The Minnesota Department of Health (MDH) concluded its first year of the Minnesota Lake Superior Beach Monitoring Program on Sept 30. MDH regularly sampled 37 beaches along the shore of Lake Superior this summer after assuming operation of the program from the Minnesota Pollution Control Agency (MPCA). The purpose of the program is to monitor beaches for E. coli levels and to notify the public when the waters exceed an acceptable level of E. coli bacteria.
The beach monitoring program reported that 22 beaches had no advisory events and 10 had 1 advisory event in 2011. In 2009, 24 beaches had no advisory events, 7 had 1 advisory event. Health advisories were posted at beaches when bacteria measured too high for safe water contact.
Fewer beaches in 2011 had two or more advisory events than in 2009 (2010 was a transition year between programs so limited data are available). In 2011, only 5 beaches had 2 or more advisories posted. In 2009, 8 beaches had 2 or more advisories. However the total number of advisory days (the total number of days each beach had a sign posted on it) was more in 2011 than in 2009: 169 in 2011 compared with 76 in 2009.
"Interestingly, the beaches that had more elevated levels of E. coli bacteria in 2009 are not necessarily the same ones that had high numbers in 2011," said Amy Westbrook, MDH district epidemiologist in Duluth. In 2009, for example, Clyde Ave. boat landing (located on the St. Louis River estuary) had 32 advisory days, but in 2011 there were only 9 at that site.

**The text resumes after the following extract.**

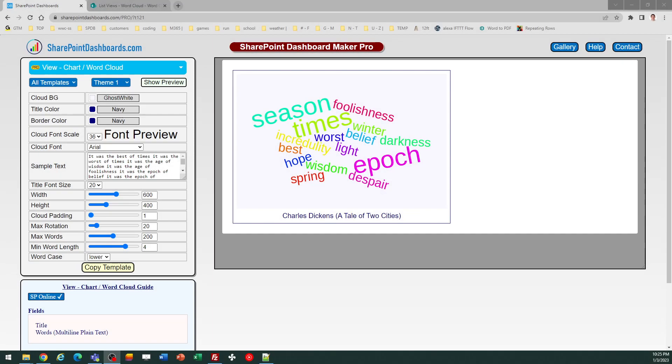This is the word cloud template at SharePoint dashboards.com. Many of you will be familiar with this. This is a fun way to visually show a pattern of words. This could be a collection of things that people might vote on, or a quote, or something like that.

Two Duluth beaches accounted for 129 advisory days, or 73 percent of all health advisories.
"From these data, it's clear that the majority of repeat closures occurred at just a few sites," Westbrook said. "We are working with our many partners in water quality in the state and the Northeast region to investigate what might be done to determine the reasons for the repeat problems at these few beaches and then what might be done to improve the water quality at those beaches."

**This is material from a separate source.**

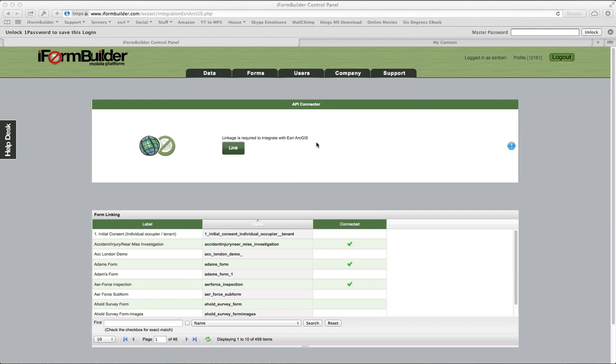Hello everyone, this is Ben from iForm Builder. I wanted to create a video to show you how to use our iForm Builder Esri connector. Recently we've been tightly integrated with ArcGIS Online, an Esri product, so I wanted to create a demo to show you how to utilize this.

Under the Minnesota Lake Superior Beach Monitoring and Notification Program, staff checks the water quality primarily for the presence of E. coli bacteria, which can be a health risk and are also an indicator of the presence of other potentially harmful pathogens or contamination. The most heavily used beaches, in the Duluth area, were tested twice weekly, the others once a week. The results were posted immediately on a telephone information line and the program's website.
Of the 755 samples taken in 2011, 86.5 percent were found to have safe levels of bacteria, compared to 93.5 percent in 2009.